Com certeza, determinadas questões poderiam ser diferentes se houvesse maior interação entre o masculino e o feminino. Por isso mesmo a animação vocacional precisa encarar com maior seriedade as questões de gênero. Na articulação dos dois gêneros haverá maior equilíbrio, sensatez e harmonia, mesmo entre aqueles que escolhem o caminho do celibato. Isso tem a ver com o projeto inicial de Deus, o qual quis que fosse sua imagem e semelhança não apenas um dos gêneros, mas os dois ao mesmo tempo: “Deus criou o homem à sua imagem, à imagem de Deus ele o criou, homem e mulher ele os criou” (Gn 1,27).

A nossa sociedade e a nossa Igreja ainda são tremendamente machistas. Por isso, dentro delas ainda há tantos desequilíbrios humanos, afetivos e sexuais. Urge, pois, abrir mais espaço para a mulher, reconhecer que sem ela seremos incompletos, deformados. Isso vale também para a vida dos presbíteros e para os seminários. O próprio papa João Paulo II reconhece essa verdade. Ele falou de um saudável influxo do carisma da feminilidade no itinerário educativo dos futuros padres (cf. PDV, 66e). Portanto, “não é bom que o homem esteja só” (Gn 2,18).

Conclusão: uma dimensão bastante significativa

A afetividade e a sexualidade formam uma dimensão significativa da pessoa humana. Por essa razão precisam ser levadas mais a sério na pastoral vocacional e na formação das pessoas, de modo particular na vida consagrada e nos ministérios ordenados.
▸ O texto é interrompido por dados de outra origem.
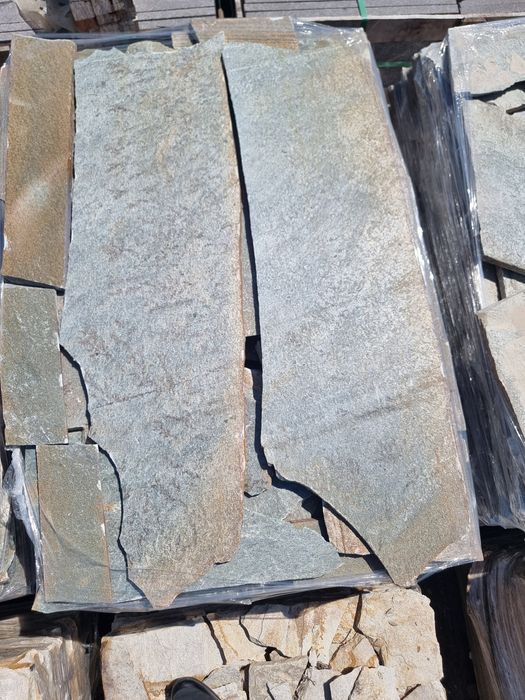 Karisto verde piatra poligonala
Diante dessa consideração causa muita preocupação a forma como, em muitos lugares e por algumas pessoas, esta dimensão ainda é tratada ou até desconsiderada. É urgente formar, preparar os animadores vocacionais e os formadores para que saibam lidar com mais naturalidade com esta questão. Os problemas afetivos e sexuais, hoje cada vez mais freqüentes, sobretudo entre os jovens, devem ser enfrentados com competência e espírito científico.

É preciso absolutamente evitar que jovens sejam admitidos nas casas de formação sem terem passado por um acompanhamento sério, eficaz, capaz de oferecer-lhes as condições para um autêntico amadurecimento. Os bispos, responsáveis primeiros pela formação e pela pastoral vocacional, precisam cuidar para que a dimensão humano-afetiva seja levada a sério desde o momento do discernimento vocacional.